DATA UNDER STUDY
*** Block opens ***

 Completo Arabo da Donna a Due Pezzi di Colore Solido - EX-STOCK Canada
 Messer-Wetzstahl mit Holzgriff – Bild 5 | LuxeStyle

*** Block closes ***
*** Block opens ***

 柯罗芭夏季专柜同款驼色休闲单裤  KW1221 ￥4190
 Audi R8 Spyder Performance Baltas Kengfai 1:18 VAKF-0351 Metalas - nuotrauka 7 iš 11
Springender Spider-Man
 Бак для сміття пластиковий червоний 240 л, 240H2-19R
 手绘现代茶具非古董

*** Block closes ***

ACTIVITY
Using the entries above, give back exactly the line containing "Completo Arabo da", the line containing "Messer-Wetzstahl mit Holzgriff", and every line between them, and nothing else.

REPLY TO THE EXERCISE
 Completo Arabo da Donna a Due Pezzi di Colore Solido - EX-STOCK Canada
 Messer-Wetzstahl mit Holzgriff – Bild 5 | LuxeStyle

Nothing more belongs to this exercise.